Kreativ waren hier die Brasilianer, und das genügt vorerst. „Zum ersten Mal wurde mir auch bewußt, daß diese Häuser (...) die in der Mehrzahl aus getünchten und bemalten Lehmwänden bestanden, Edelsteine waren, wie sie in meinen Träumen vorkamen. Und die in bestimmten Momenten im Sonnenlicht so aufglänzten, daß Gott sie mit Freude erblicken mußte. Der Rausch des Tanzes war so groß, daß er selbst die Häuser tanzen machte“ (Ariano Suassuna). Die Häuser, sie zeigen gerade Steinfronten mit einer Tür und ein oder zwei Fenstern darin, mit zackig und rund gewölbten Giebelformen, mit schrägen Treppengiebeln oder mit aufgearbeiteten Reliefstufen. Zwei-, höchstens dreifarbig gehalten, sind Muster-Ziereinheiten über die ganze Front gegossen, und das wirkt wie kubistische Malerei, die ganz naiv daherkommt, im originalen Sinne des Wortes. Diese Künstler mußten nicht erst wieder naiv werden, um Formen geometrisch zu zerlegen und den Reiz oder das Beruhigende der ganz einfachen, klaren Muster zu erkennen. Dreiecke oder rhythmisch versetzte Quader liegen oberhalb der Fenster an der Wand, weiße Farbblöcke ziehen sich seitlich der Fenster bis zu einer gewissen Höhe herab; es sind asymmetrische oder symmetrische Musterrhythmen, auch Punkte, Blumen oder Winkel - eine Unendlichkeit von Mosaiken im Gesamtmosaik der Häuser selbst.

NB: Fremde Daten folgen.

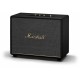 Marshall Woburn III: мощная акустика в чёрном цвете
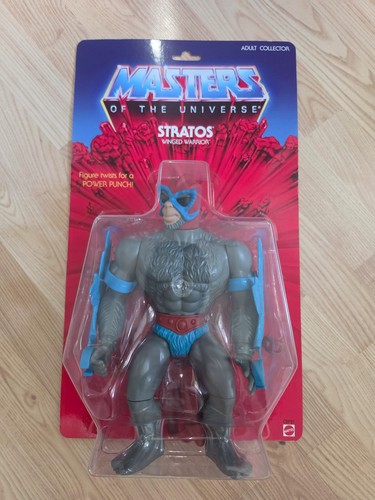 Masters the universe giant - of,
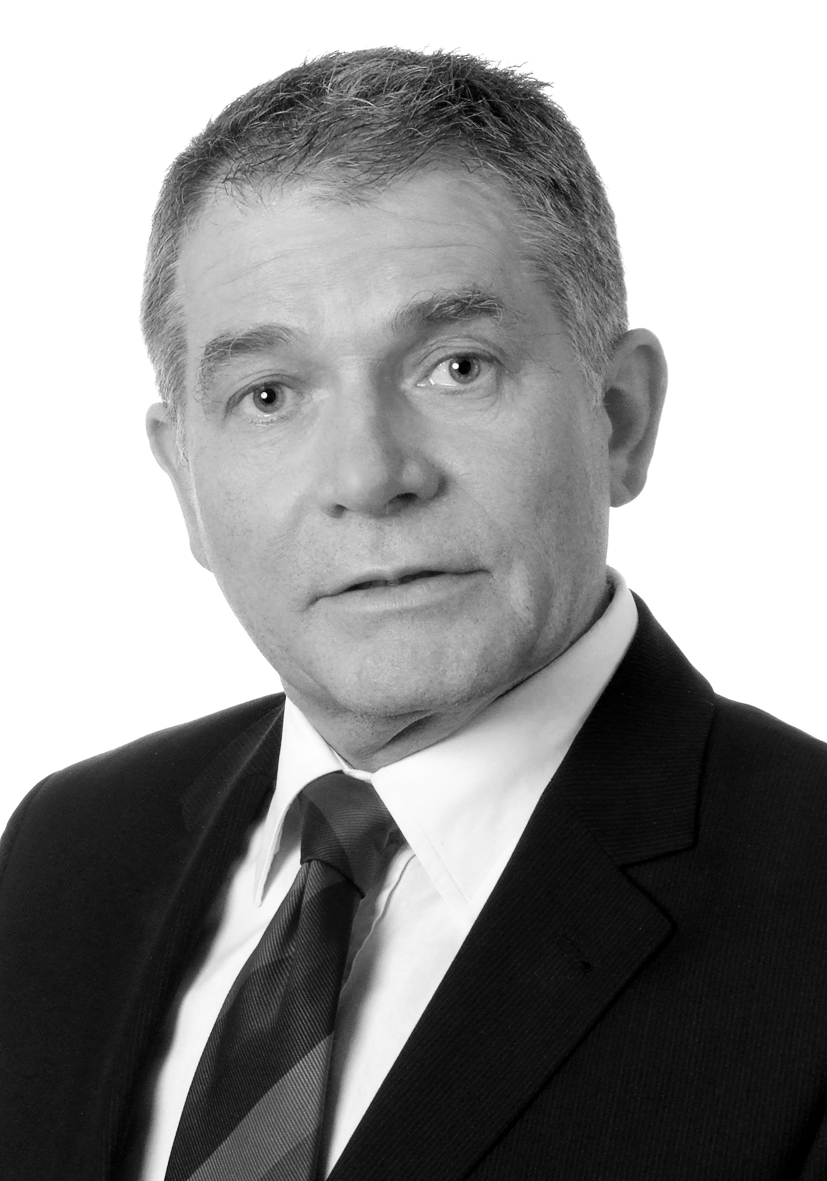 Dipl. –Ing. German R. Halcour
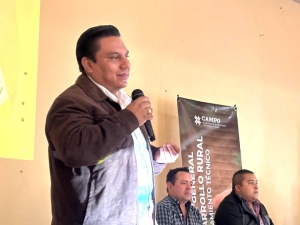 Abren foro para manejo sustentable del Maguey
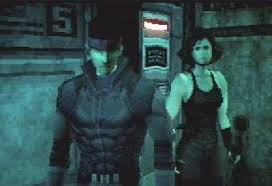 Discover 114 free metal gear solid exclamation png images with transparent backgrounds. Metal Gear Solid 1998 Playing The Canon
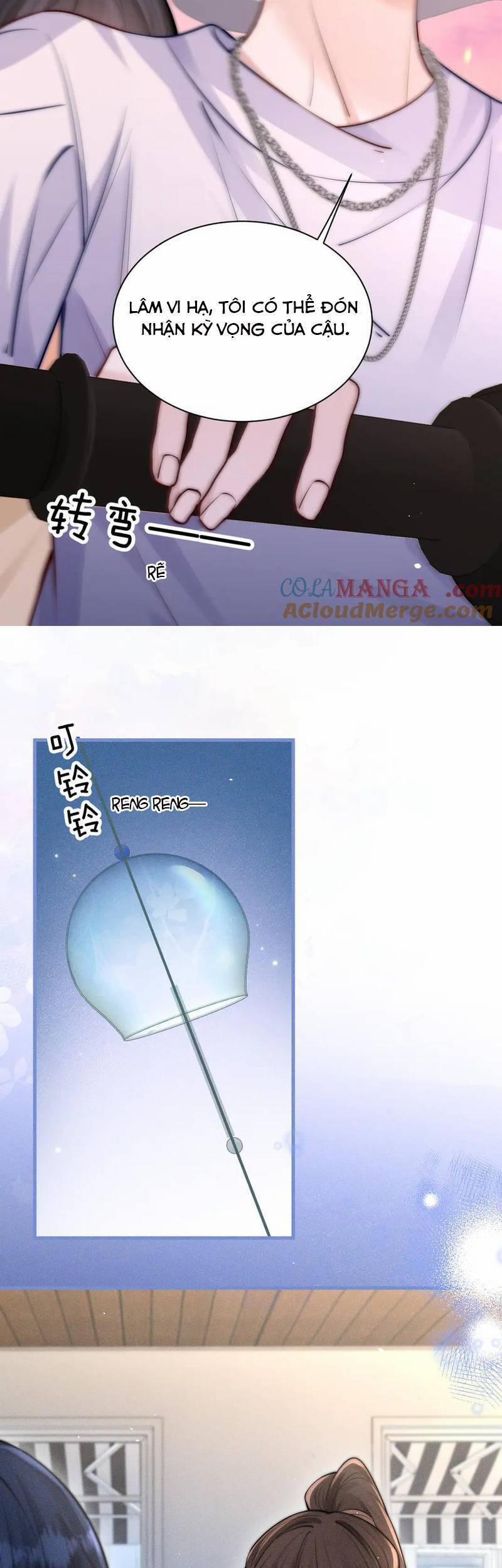 Em Có Nghe Thấy Tôi Nói Không 52 trang 4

So läuft man in der Ausstellung durch ein Paradies anderer Denkart, es ist Legoland ohne Lego; es sind Form, Muster, Farbe, die minimalistisch vormachen, was sie sind: der Stoff, aus dem Schönheit entspringt. Und das alles, damit die Schutzgeister beschwichtigt sind und über das Haus wachen. Mag sich die malerische Zierde alle halbe Jahre verändern, mögen die Zöpfe, Girlanden, Stricke dann an anderen Stellen sich um die Geometrie ranken - Traumbuchten in der Wunderwelt des Pastells bleiben sie. Die Steinschnitzereien sind einmal geschehen, und die Fotografie von Anna Mariani bringt diesen rechtwinkligen Phantasterien nun noch Diagonalen bei: Schattenwürfe von genial schönen Fernsehleitungen, und da gehört was dazu!

Anna Mariani schreibt, daß das „Vorhandensein der Malerei mit der Isolierung und Entfernung der Orte zunahm“. Diese Orte, Dörfer im Nordosten Brasiliens, zeigen sich in der Vogelperspektive als zwei lange Hausreihen von zehn bis zwanzig Häusern direkt nebeneinander, um einen Platz oval herumgelegt, etwas abgerückt nochmal zwei parallele Hausreihen, und Lehmboden über Lehmboden drumherum. Ein bißchen Gestrüpp, zwei Hühner im ganzen. Um „dieses Leben in Armut zu überwinden“ (Caetano Veloso), sind die Häuser bemalt worden, und Anna Mariani hat sie ohne Pathos fotografiert.

Sophia Ferdinand

„Fassaden“ von Anna Mariani, noch bis zum 7. Oktober im Haus der Kulturen der Welt, Di-So 10-20 Uhr, Eintritt frei.